Do not taunt happy-fun-shoggoth.
It is very much to Eldritch’s credit that deaths made me want to jump back in and try again, now armed with the knowledge of whatever killed me, rather than snap my keyboard in half. Most were due to carelessness and overconfidence or not understanding some new hazard. Though you can visit unlocked worlds in any order you’ll likely want to start with the first one each time to properly equip yourself for the challenges of the later. Difficulty spikes sharply as the world’s progress. Eldritch isn’t a very long game, but the randomization and high difficulty give it a lot of replay value.

The Thing on the Hard Drive

Descending through the depths is a matter of constantly balancing exploring for resources VS risking damage and death. Sometimes it is safer to make a rush for the exit and not chance blundering into something horrible. Other times it’s better to carefully sneak and backstab your way past enemies, carefully evading and disarming traps. Learning to read the environment and balance risk and reward on the fly is the key to survival and success.

Eldritch lacks a sanity mechanic (not that one would necessarily have improved this type of gameplay), and the slightly cartoony graphics don’t do much to inspire dread at first. The sound work is wonderfully atmospheric though and you’ll quickly learn to identify nearby creatures and other elements long before you see them. There’s also a certain pucker factor to being cornered by a roiling mass of ravenous, indestructible flesh or picking your way through a group of slumbering ten-foot squid beasts.  Scattered journals and the fact that your character re-incarnates after each death hint that you may not be entirely mortal yourself. 
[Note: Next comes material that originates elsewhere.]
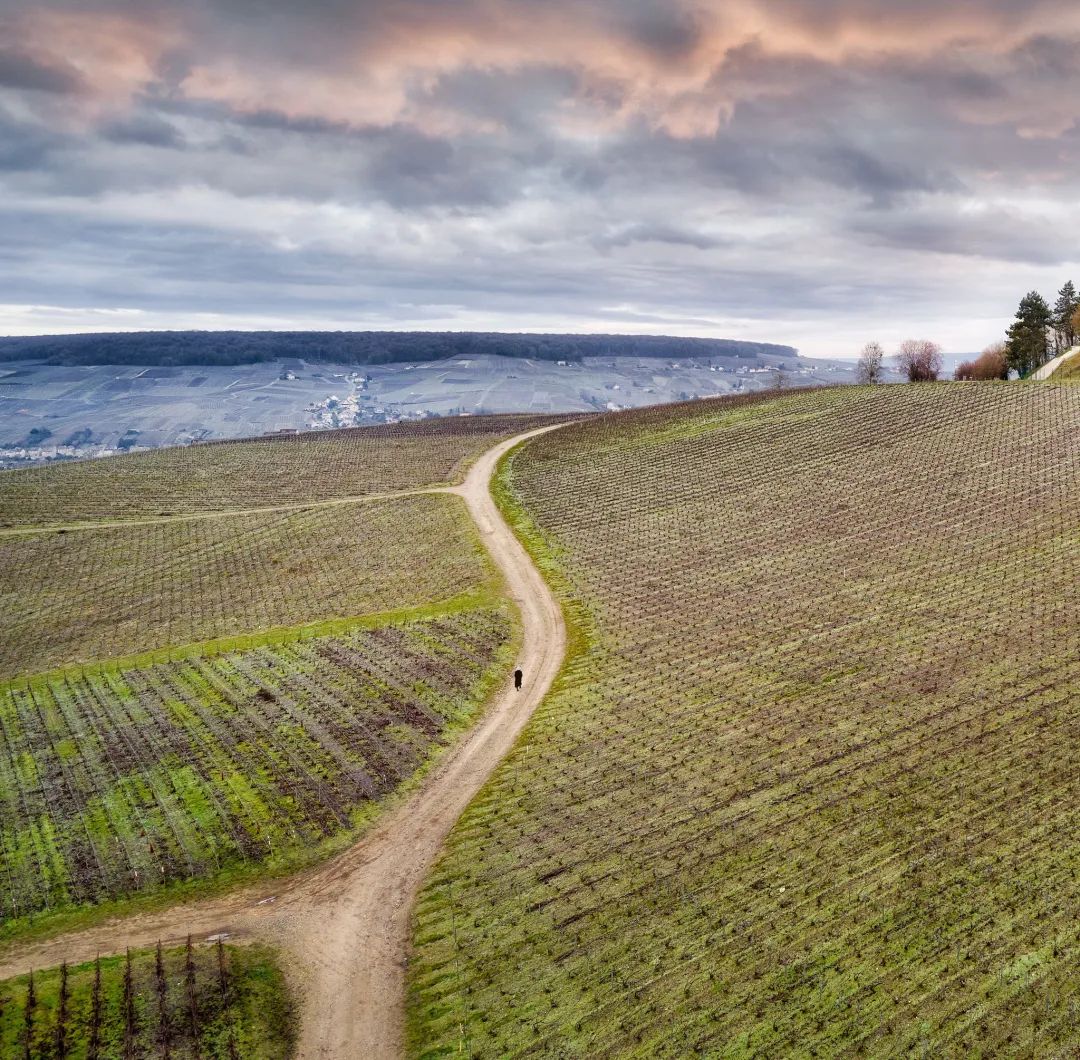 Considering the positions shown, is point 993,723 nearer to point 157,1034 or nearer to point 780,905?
point 780,905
The free "Mountains of Madness" expansion gets downright unsettling at the mountain's core.
If you have any tolerance for the Roguelike genre Eldritch is an easy game to recommend, packed with challenge, replayability, and character. If you hate losing progress the game will likely make for a more stressful than enjoyable experience. With strange eons even death may die, but Eldritch will send you to your doom far earlier and more frequently than that. 

Reasons to Play: Entertaining mix of Roguelike mechanics and Lovecraft Mythos. Excellent First-Person movement and exploration. Wide range of effective tools and tactics. Strong sound design. Giant Penguin VS Shoggoth fights.

Reasons to Pass: High difficulty and punishing death penalty for players unused to Rogue-like gameplay. Slightly cartoony graphics and most creature design not particularly horrifying.